> Supplied material
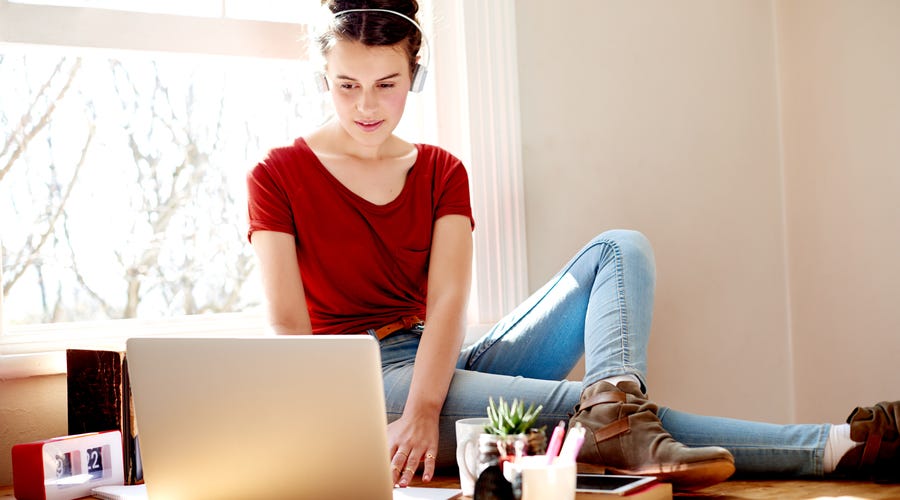 Mulher estuda idiomas para conhecer seu ciclo de aprendizado.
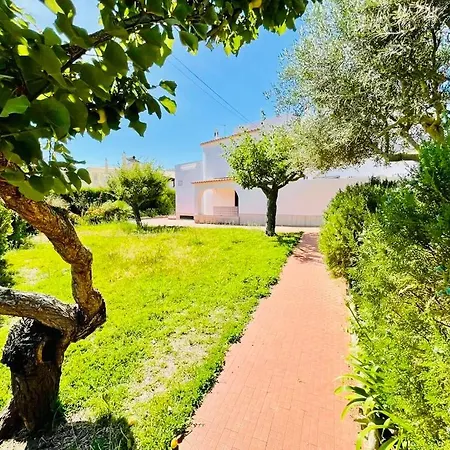 Casa Dos Trevos, 5 Bedroom With Pool * Лагуш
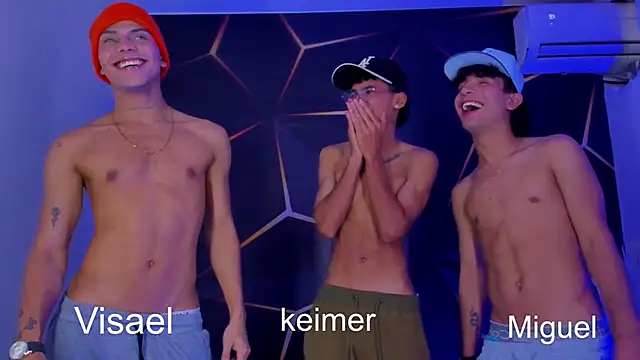 Snapshot of visaelX chatting on 01/28/25, 12:05 visaelX online show from 01/28/25, 12:05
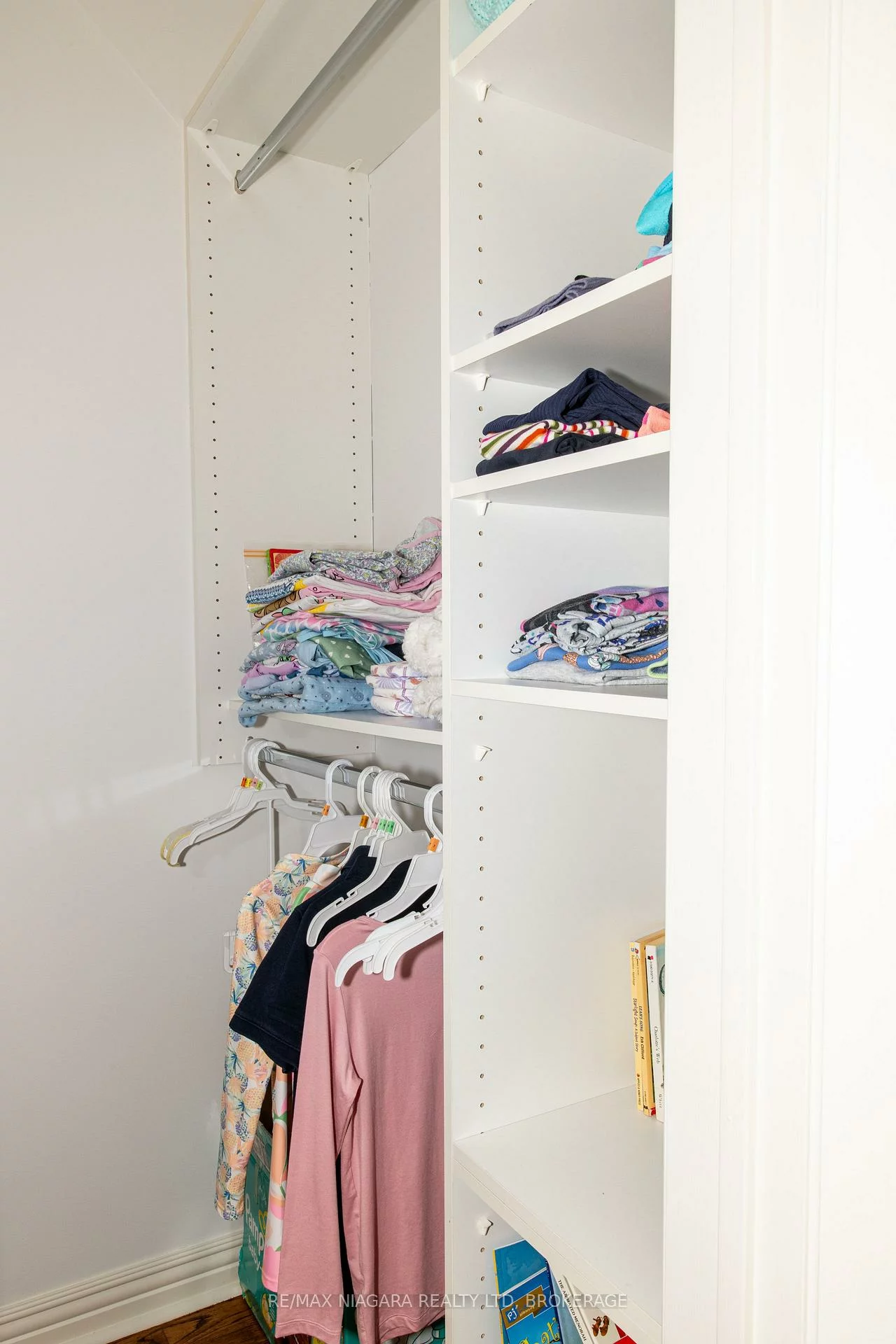 120, Janesville, Uplands, Vaughan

> What you are asked to do
From the first line to the last, copy the listing above exactly and leave out the images.

> Task answer
 Mulher estuda idiomas para conhecer seu ciclo de aprendizado.
 Casa Dos Trevos, 5 Bedroom With Pool * Лагуш
 Snapshot of visaelX chatting on 01/28/25, 12:05 visaelX online show from 01/28/25, 12:05
 120, Janesville, Uplands, Vaughan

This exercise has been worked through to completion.